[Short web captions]
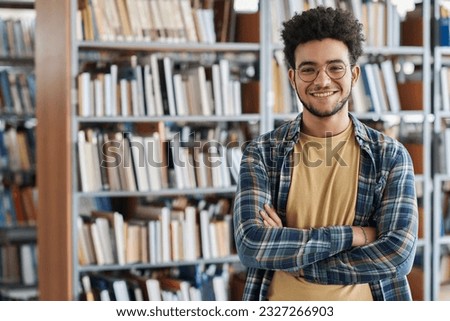 Student standing in library at college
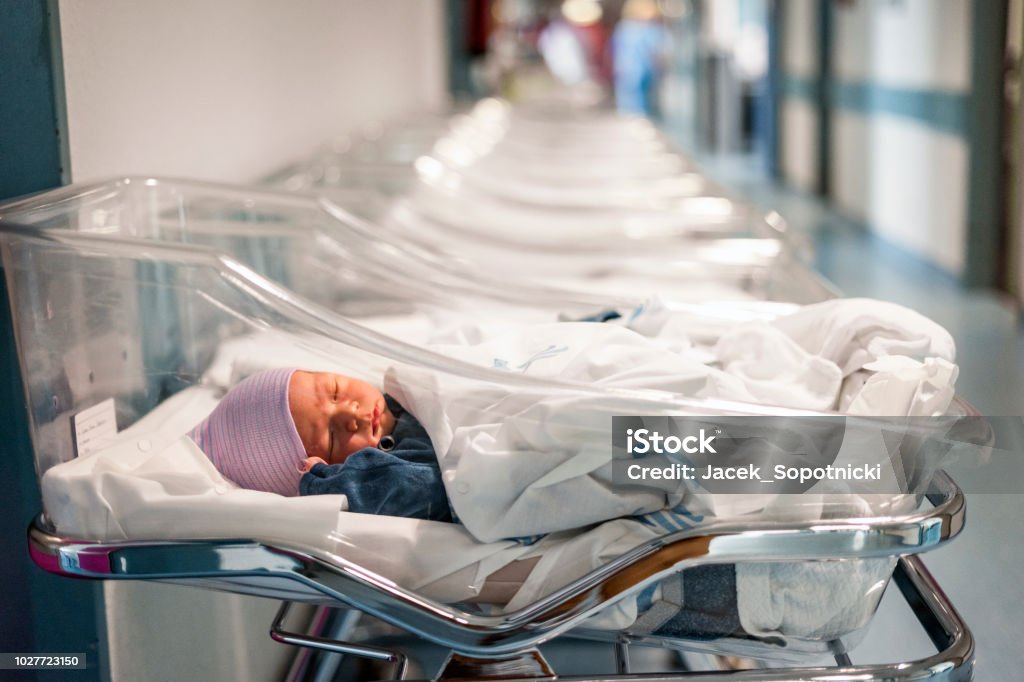 Newborn baby in first of many small hospital beds Newborn baby boy in his small transparent portable hospital bed Hospital Stock Photo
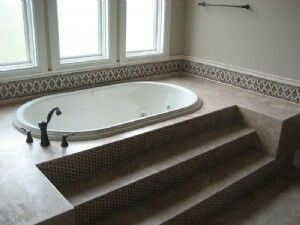 a bath tub sitting in the middle of a bathroom next to two windows and steps leading up to it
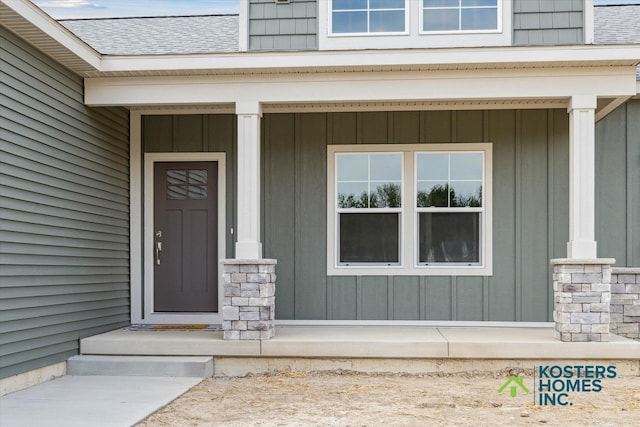 1827 Stratford Ln NW, Grand Rapids, MI 49534 - doorway to property with board and batten siding, a shingled roof, and stone siding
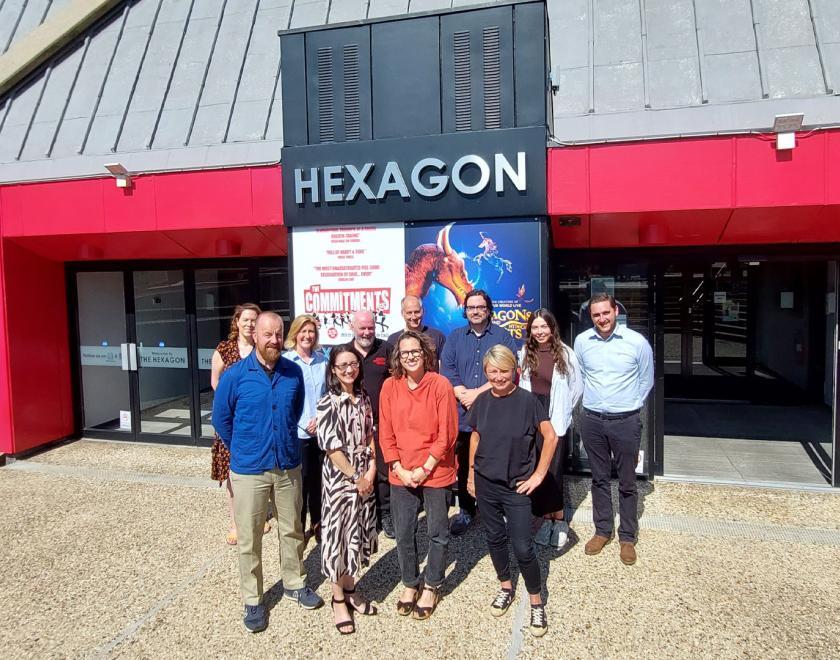 Staff outside the Hexagon Theatre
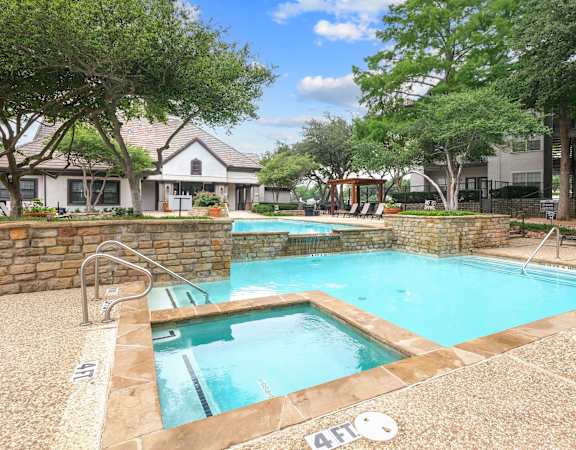 Pool with spa by the leasing office at Jefferson Place apartments in Irving, TX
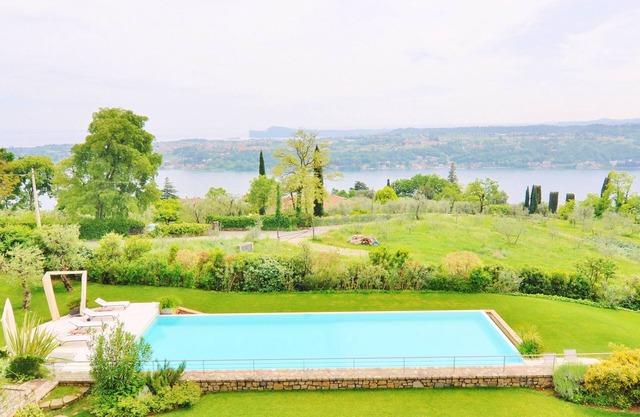 Luxury apartment within prestine and quiet enviroment with pool and lake view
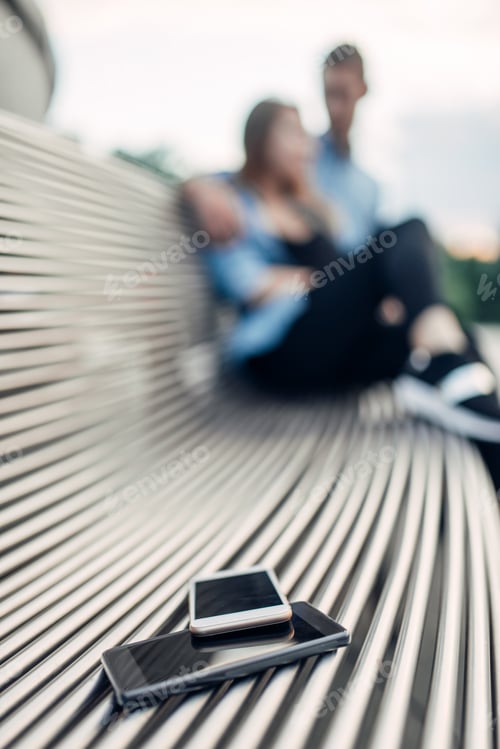 Preview: Phone addiction concept, two smartphones on bench
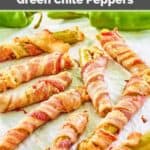 Bacon wrapped cheese stuffed hatch peppers on parchment paper.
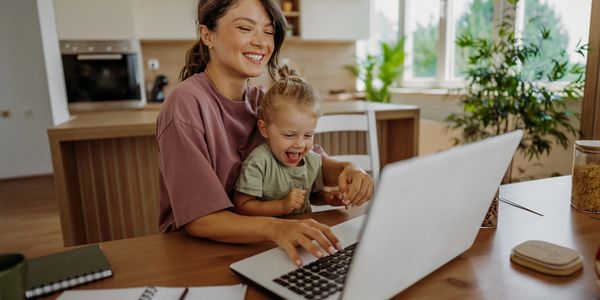 Mother and child enjoying laptop time together.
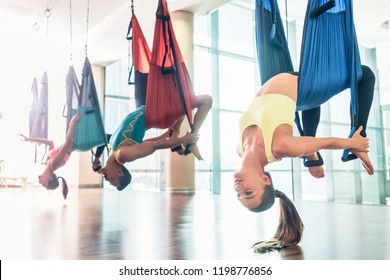 Side view of a fit and beautiful young woman hanging upside down while practicing aerial yoga during group class in a modern fitness club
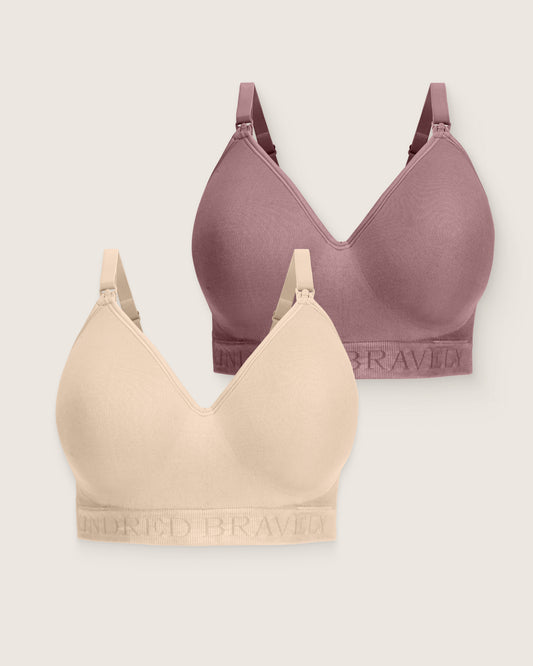 Two bras, one purple and one beige, on a light gray background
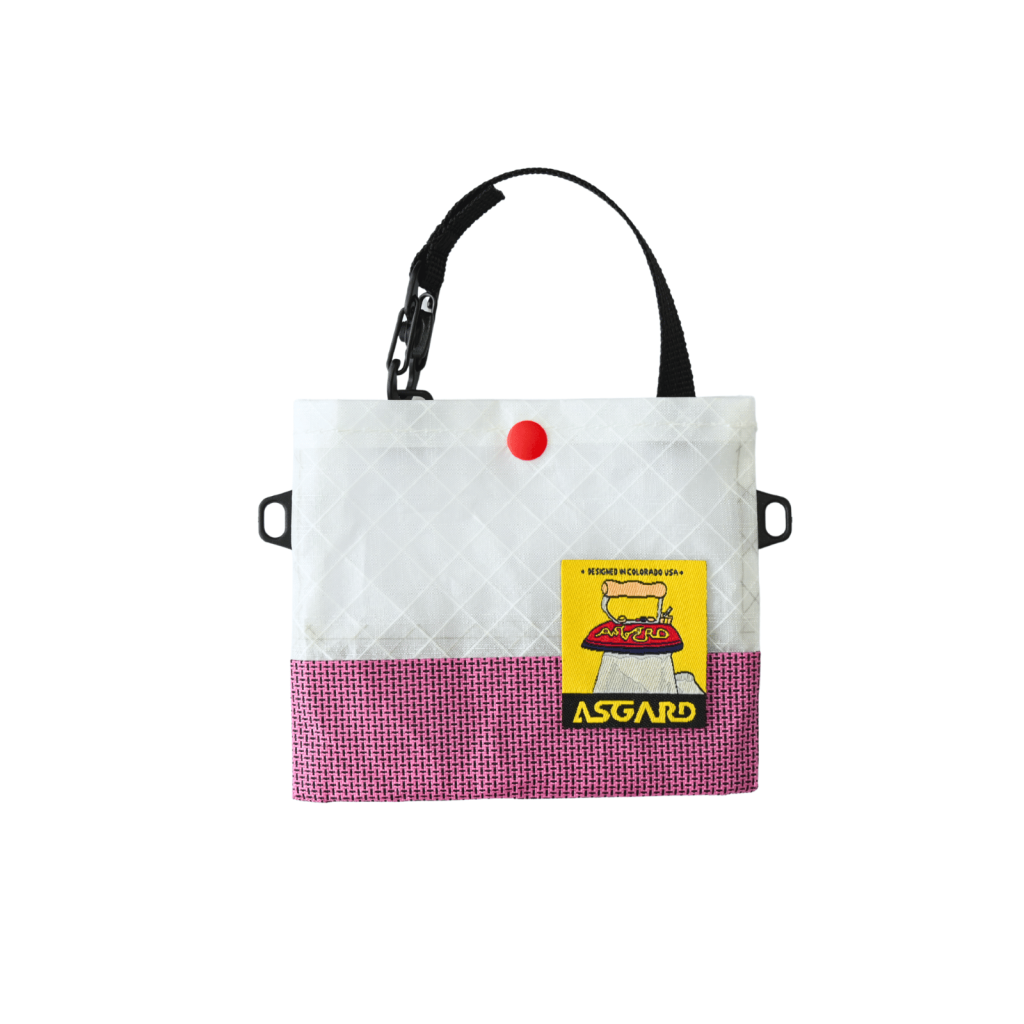 Pink Asgard Mini Tote Bag with a white upper panel, black handle, red snap, and yellow logo patch.
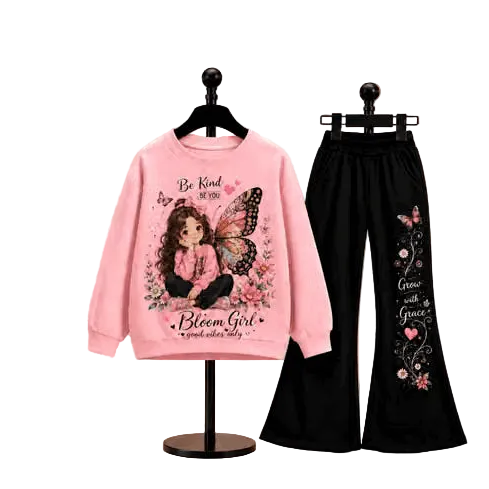 A two-piece girls' outfit set displayed on black hangers against a plain white background. The set includes a light pink long-sleeve sweatshirt with a colorful cartoon butterfly girl graphic and text, paired with black wide-leg pants featuring butterfly and floral prints.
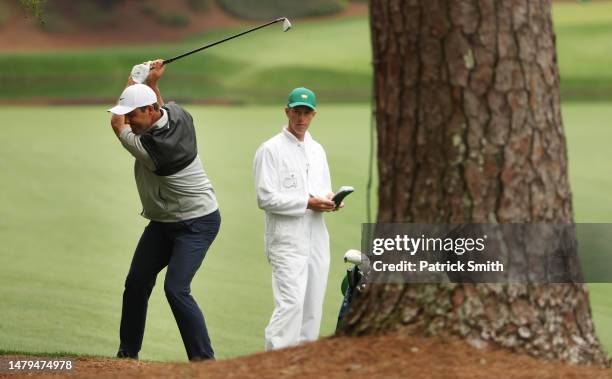 Scottie Scheffler of the United States plays a shot on the 13th hole during a practice round prior to the 2023 Masters Tournament at Augusta National...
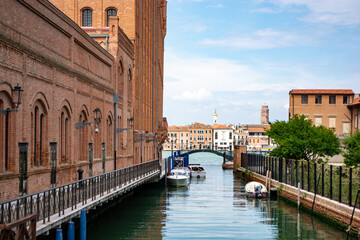 Naklejka premium Venice-la Giudeca: Unveil the magic of Venice by strolling through its intricate network of alleys, each one steeped in history and character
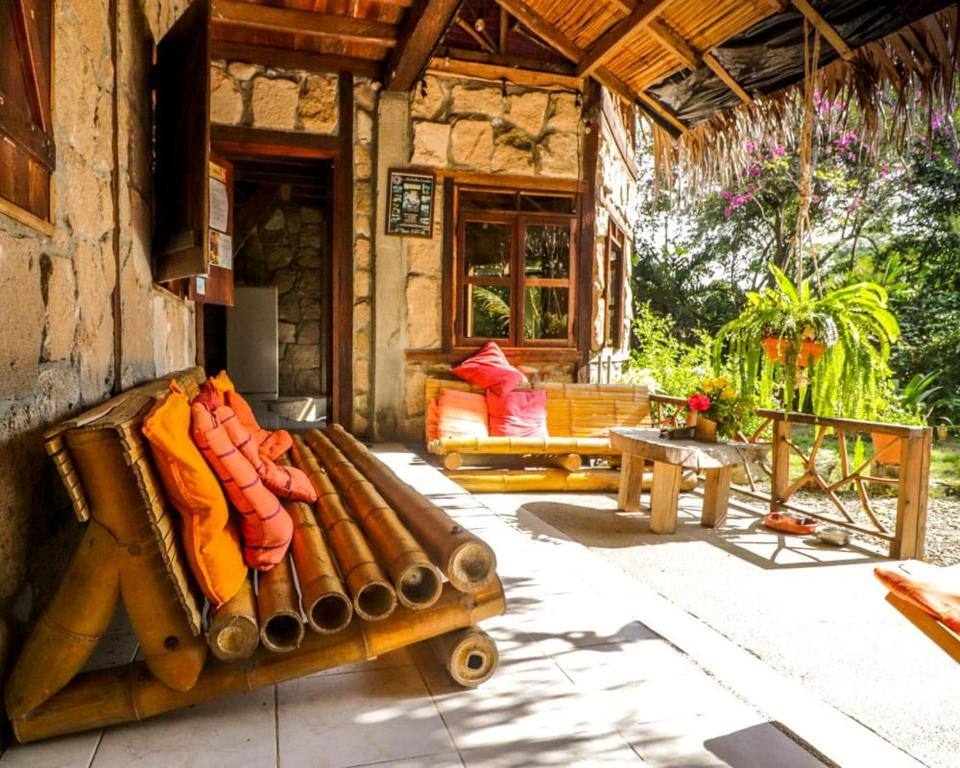 a porch of a house with a couch and a table at Las Cabañas de la Iguana in Ayampe
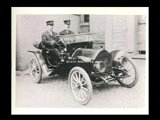 Two Wheeling policemen in automobile on brick street in front of building.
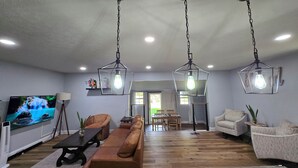 A spacious living room with a wooden floor, a large brown sofa, two armchairs, a TV, and pendant lights. - A+ location: UT, Melton Hill Parks, ORNL, shops (Oak Ridge)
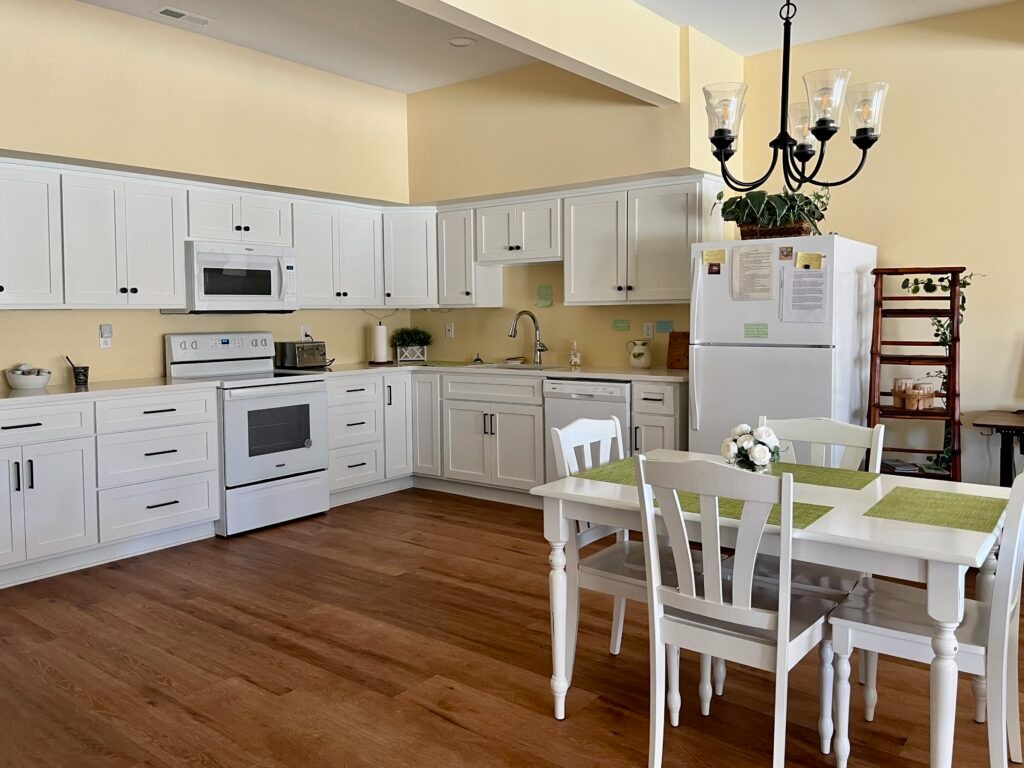 A kitchen features BM Cornsilk wall paint with Oxford White cabinets.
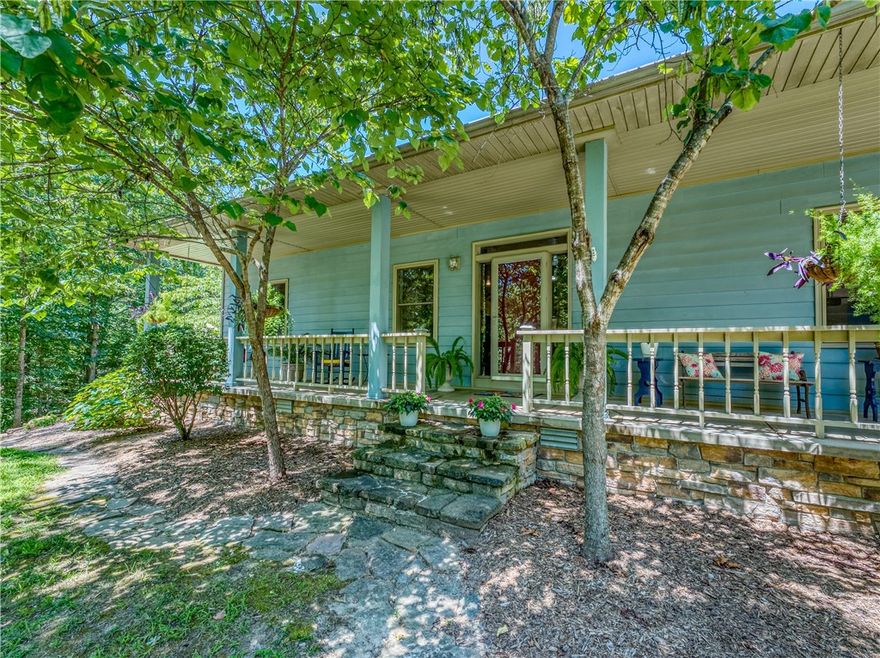 Stunning property located at 6122 Scenic Valley Drive, Harrison, AR, offering 30 private wooded acres with Terrapin Creek running through the land. This peaceful retreat features a 3 bedroom, 3 full bath, and 1 half bath home designed for comfort and entertaining, with potential for a 4th bedroom by dividing an existing upstairs bedroom. The home showcases a cathedral ceiling living room with wood-burning fireplace insert, spacious kitchen and dining area, plus a cozy sunroom off the primary bathroom. An office provides access to the unfinished basement for additional storage or flexible space. Outdoor living includes a screened-in porch with wood-burning fireplace leading to a heated in-ground pool with wraparound sun deck and firepit area. Property also includes a pool equipment outbuilding and detached barn/workshop. Abundant wildlife and privacy just 30 minutes to the Buffalo River and 45 minutes to Branson, MO.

:: PROBLEM TO SOLVE ::
Reproduce all of the records above exactly, but exclude the pictures.

:: RESPONSE TO THIS EXERCISE ::
 Student standing in library at college
 Newborn baby in first of many small hospital beds Newborn baby boy in his small transparent portable hospital bed Hospital Stock Photo
 a bath tub sitting in the middle of a bathroom next to two windows and steps leading up to it
 1827 Stratford Ln NW, Grand Rapids, MI 49534 - doorway to property with board and batten siding, a shingled roof, and stone siding
 Staff outside the Hexagon Theatre
 Pool with spa by the leasing office at Jefferson Place apartments in Irving, TX
 Luxury apartment within prestine and quiet enviroment with pool and lake view
 Preview: Phone addiction concept, two smartphones on bench
 Bacon wrapped cheese stuffed hatch peppers on parchment paper.
 Mother and child enjoying laptop time together.
 Side view of a fit and beautiful young woman hanging upside down while practicing aerial yoga during group class in a modern fitness club
 Two bras, one purple and one beige, on a light gray background
 Pink Asgard Mini Tote Bag with a white upper panel, black handle, red snap, and yellow logo patch.
 A two-piece girls' outfit set displayed on black hangers against a plain white background. The set includes a light pink long-sleeve sweatshirt with a colorful cartoon butterfly girl graphic and text, paired with black wide-leg pants featuring butterfly and floral prints.
 Scottie Scheffler of the United States plays a shot on the 13th hole during a practice round prior to the 2023 Masters Tournament at Augusta National...
 Naklejka premium Venice-la Giudeca: Unveil the magic of Venice by strolling through its intricate network of alleys, each one steeped in history and character
 a porch of a house with a couch and a table at Las Cabañas de la Iguana in Ayampe
 Two Wheeling policemen in automobile on brick street in front of building.
 A spacious living room with a wooden floor, a large brown sofa, two armchairs, a TV, and pendant lights. - A+ location: UT, Melton Hill Parks, ORNL, shops (Oak Ridge)
 A kitchen features BM Cornsilk wall paint with Oxford White cabinets.
 Stunning property located at 6122 Scenic Valley Drive, Harrison, AR, offering 30 private wooded acres with Terrapin Creek running through the land. This peaceful retreat features a 3 bedroom, 3 full bath, and 1 half bath home designed for comfort and entertaining, with potential for a 4th bedroom by dividing an existing upstairs bedroom. The home showcases a cathedral ceiling living room with wood-burning fireplace insert, spacious kitchen and dining area, plus a cozy sunroom off the primary bathroom. An office provides access to the unfinished basement for additional storage or flexible space. Outdoor living includes a screened-in porch with wood-burning fireplace leading to a heated in-ground pool with wraparound sun deck and firepit area. Property also includes a pool equipment outbuilding and detached barn/workshop. Abundant wildlife and privacy just 30 minutes to the Buffalo River and 45 minutes to Branson, MO.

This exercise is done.